Required action —
The entries below contain a line with "Here is a clearer" and a line with "Vibe coding didn't". Quote exactly those two lines and all lines between them.

Data for analysis —
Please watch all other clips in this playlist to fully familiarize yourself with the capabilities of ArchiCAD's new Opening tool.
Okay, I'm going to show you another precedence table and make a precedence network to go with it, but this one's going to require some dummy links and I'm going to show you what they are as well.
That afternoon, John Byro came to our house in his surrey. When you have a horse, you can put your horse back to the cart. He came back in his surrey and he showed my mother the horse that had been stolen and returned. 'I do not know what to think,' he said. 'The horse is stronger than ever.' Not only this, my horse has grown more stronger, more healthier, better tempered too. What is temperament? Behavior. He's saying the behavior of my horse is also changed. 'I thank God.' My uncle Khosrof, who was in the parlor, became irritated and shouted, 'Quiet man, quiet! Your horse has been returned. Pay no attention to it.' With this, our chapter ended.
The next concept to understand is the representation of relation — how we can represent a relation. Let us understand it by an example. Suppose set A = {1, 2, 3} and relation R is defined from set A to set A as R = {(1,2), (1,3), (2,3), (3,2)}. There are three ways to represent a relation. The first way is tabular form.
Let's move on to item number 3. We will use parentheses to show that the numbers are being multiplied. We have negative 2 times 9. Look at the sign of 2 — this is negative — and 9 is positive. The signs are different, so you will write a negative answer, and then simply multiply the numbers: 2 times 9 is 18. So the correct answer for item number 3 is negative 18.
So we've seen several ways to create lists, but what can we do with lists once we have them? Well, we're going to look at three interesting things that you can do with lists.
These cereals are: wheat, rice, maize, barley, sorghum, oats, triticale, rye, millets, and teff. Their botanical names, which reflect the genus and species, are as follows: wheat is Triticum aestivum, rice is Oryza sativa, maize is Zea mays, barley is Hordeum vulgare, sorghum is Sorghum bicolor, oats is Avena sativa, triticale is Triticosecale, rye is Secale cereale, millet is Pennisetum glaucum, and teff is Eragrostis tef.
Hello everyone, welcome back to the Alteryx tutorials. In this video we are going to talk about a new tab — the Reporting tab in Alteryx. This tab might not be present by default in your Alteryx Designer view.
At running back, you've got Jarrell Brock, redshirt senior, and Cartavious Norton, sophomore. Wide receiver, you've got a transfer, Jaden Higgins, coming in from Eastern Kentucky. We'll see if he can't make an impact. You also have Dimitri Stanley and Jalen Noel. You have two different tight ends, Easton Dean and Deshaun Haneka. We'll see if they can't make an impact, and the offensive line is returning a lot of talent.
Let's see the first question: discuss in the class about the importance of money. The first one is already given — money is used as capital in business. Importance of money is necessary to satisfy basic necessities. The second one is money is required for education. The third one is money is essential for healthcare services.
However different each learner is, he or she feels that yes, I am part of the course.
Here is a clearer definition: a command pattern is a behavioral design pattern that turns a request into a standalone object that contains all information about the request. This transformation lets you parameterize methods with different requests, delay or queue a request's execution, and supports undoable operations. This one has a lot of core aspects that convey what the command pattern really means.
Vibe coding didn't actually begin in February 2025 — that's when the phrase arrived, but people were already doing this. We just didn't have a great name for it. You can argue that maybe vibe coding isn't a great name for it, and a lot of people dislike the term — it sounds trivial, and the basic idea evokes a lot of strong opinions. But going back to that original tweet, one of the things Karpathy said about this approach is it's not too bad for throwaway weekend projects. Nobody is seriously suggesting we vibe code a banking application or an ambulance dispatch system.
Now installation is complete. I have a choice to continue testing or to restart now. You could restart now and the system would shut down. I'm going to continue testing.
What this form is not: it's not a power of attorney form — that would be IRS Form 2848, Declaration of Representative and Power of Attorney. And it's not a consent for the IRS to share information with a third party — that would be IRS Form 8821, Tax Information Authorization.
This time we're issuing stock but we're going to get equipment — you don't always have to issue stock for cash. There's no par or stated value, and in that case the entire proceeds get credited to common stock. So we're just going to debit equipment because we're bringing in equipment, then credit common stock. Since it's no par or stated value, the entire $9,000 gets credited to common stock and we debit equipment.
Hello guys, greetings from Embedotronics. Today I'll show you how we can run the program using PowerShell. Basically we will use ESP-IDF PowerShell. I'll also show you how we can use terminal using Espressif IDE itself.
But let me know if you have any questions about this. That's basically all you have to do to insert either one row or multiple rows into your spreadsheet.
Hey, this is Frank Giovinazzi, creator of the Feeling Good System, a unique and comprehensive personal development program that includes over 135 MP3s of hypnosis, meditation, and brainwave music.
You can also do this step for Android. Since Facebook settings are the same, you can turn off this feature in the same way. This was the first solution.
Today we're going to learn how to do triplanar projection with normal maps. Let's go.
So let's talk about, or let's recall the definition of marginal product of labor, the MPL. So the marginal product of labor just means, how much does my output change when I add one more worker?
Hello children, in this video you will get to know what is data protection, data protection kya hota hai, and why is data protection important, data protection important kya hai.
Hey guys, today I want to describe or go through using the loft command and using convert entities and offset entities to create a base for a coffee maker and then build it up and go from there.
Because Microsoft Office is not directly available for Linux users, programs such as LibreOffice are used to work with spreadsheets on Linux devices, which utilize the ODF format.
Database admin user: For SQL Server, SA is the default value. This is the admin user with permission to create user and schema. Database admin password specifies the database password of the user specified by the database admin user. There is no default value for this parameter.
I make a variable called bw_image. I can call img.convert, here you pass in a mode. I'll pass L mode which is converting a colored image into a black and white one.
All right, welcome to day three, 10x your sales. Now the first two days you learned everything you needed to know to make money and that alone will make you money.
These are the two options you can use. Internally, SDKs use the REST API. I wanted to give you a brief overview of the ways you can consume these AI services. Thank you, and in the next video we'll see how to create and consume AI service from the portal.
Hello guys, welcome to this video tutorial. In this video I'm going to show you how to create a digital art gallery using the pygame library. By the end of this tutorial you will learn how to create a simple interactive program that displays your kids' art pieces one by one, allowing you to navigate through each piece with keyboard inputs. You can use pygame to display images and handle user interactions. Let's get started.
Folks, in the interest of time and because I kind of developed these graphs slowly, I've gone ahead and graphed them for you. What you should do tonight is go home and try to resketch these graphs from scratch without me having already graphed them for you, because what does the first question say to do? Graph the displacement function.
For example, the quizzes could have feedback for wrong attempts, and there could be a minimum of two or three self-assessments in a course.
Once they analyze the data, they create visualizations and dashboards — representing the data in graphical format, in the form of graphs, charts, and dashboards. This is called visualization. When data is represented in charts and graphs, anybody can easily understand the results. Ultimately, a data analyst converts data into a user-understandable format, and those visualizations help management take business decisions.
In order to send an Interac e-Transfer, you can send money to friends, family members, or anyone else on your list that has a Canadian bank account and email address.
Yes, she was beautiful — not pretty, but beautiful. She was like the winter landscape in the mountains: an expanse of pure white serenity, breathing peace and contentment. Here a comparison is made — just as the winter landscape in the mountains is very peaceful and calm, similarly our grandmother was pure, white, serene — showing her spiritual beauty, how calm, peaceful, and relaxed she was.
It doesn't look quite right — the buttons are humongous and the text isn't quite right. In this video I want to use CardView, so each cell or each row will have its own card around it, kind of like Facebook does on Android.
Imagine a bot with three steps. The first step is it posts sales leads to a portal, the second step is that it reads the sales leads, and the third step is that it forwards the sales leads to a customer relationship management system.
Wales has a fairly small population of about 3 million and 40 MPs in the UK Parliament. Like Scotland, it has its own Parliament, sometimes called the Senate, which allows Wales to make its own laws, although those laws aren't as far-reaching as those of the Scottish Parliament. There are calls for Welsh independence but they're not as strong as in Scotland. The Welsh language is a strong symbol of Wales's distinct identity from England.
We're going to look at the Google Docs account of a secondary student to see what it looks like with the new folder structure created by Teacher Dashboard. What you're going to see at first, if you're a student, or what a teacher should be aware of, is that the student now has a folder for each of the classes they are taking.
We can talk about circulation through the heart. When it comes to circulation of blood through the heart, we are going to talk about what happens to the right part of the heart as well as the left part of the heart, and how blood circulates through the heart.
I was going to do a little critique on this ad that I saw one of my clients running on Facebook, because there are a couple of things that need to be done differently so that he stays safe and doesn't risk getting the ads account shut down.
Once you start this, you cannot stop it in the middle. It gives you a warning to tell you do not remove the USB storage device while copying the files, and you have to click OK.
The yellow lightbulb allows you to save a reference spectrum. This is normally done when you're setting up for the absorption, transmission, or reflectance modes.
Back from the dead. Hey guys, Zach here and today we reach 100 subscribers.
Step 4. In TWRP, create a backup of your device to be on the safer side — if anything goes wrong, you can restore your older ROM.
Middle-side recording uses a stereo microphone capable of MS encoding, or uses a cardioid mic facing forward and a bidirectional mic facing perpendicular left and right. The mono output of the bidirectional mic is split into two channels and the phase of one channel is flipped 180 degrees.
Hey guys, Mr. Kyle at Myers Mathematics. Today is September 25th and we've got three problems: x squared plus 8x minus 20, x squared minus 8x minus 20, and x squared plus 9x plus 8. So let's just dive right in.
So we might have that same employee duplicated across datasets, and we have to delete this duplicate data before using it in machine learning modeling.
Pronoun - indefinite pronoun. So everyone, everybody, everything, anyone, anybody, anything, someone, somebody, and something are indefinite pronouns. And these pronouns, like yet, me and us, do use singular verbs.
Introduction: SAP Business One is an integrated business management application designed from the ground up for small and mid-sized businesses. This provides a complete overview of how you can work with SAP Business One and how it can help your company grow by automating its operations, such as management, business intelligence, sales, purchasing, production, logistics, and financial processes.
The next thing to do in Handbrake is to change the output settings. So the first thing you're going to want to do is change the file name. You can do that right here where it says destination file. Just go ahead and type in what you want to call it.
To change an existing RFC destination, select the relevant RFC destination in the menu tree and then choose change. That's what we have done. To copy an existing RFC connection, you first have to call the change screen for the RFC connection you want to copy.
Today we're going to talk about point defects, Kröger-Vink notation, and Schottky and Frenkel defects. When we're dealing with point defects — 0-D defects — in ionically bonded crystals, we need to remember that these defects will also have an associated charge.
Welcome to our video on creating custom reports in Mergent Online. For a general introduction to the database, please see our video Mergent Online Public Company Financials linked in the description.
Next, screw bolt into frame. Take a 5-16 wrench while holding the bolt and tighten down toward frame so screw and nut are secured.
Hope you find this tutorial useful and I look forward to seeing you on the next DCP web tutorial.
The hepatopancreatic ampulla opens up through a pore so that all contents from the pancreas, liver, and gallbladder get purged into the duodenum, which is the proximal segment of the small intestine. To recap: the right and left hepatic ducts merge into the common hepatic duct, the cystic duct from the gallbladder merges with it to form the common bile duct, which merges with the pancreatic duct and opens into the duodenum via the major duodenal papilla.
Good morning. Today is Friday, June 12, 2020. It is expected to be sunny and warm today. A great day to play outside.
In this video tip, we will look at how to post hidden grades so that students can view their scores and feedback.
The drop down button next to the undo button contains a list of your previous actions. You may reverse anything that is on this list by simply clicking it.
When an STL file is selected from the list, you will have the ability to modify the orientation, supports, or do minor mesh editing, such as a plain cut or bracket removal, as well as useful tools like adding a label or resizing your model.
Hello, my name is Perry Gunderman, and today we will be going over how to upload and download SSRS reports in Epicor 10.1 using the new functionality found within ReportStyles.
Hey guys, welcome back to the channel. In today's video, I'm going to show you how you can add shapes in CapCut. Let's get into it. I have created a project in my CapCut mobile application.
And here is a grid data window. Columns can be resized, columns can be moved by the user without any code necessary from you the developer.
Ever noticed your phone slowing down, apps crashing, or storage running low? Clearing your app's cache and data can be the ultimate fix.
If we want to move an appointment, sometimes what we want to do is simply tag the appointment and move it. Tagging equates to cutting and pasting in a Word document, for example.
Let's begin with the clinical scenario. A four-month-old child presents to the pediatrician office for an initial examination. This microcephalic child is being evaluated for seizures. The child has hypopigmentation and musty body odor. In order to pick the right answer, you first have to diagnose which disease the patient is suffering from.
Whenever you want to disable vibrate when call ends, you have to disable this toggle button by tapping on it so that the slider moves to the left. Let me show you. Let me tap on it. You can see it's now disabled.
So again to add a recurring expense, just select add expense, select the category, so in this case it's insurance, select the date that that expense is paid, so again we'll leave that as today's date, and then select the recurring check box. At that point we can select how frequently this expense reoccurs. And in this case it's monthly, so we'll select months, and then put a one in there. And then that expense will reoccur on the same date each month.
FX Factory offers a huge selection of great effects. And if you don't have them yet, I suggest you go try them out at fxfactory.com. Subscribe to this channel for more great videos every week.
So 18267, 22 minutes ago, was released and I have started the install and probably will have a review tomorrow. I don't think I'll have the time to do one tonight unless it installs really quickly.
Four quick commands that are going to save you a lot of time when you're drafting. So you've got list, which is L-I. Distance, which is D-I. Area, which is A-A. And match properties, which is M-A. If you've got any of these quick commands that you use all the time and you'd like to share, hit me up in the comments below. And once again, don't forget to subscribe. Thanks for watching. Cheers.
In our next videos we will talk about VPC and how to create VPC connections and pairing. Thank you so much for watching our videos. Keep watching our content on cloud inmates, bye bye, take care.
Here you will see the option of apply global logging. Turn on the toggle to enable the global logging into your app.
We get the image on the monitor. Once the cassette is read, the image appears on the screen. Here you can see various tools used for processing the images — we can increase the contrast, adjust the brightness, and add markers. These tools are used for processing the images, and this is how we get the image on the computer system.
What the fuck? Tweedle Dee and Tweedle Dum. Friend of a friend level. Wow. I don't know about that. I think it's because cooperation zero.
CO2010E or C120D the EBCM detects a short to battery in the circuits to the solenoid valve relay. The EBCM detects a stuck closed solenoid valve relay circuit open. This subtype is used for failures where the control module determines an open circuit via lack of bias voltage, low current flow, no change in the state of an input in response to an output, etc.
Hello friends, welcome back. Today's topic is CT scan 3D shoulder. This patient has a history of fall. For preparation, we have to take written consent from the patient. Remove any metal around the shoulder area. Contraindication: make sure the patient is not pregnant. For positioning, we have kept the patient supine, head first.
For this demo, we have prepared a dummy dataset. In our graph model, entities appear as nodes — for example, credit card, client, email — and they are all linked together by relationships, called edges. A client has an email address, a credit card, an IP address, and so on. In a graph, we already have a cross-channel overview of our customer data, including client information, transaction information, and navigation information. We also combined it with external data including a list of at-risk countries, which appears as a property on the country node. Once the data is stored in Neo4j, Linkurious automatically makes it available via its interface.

Answer —
Here is a clearer definition: a command pattern is a behavioral design pattern that turns a request into a standalone object that contains all information about the request. This transformation lets you parameterize methods with different requests, delay or queue a request's execution, and supports undoable operations. This one has a lot of core aspects that convey what the command pattern really means.
Vibe coding didn't actually begin in February 2025 — that's when the phrase arrived, but people were already doing this. We just didn't have a great name for it. You can argue that maybe vibe coding isn't a great name for it, and a lot of people dislike the term — it sounds trivial, and the basic idea evokes a lot of strong opinions. But going back to that original tweet, one of the things Karpathy said about this approach is it's not too bad for throwaway weekend projects. Nobody is seriously suggesting we vibe code a banking application or an ambulance dispatch system.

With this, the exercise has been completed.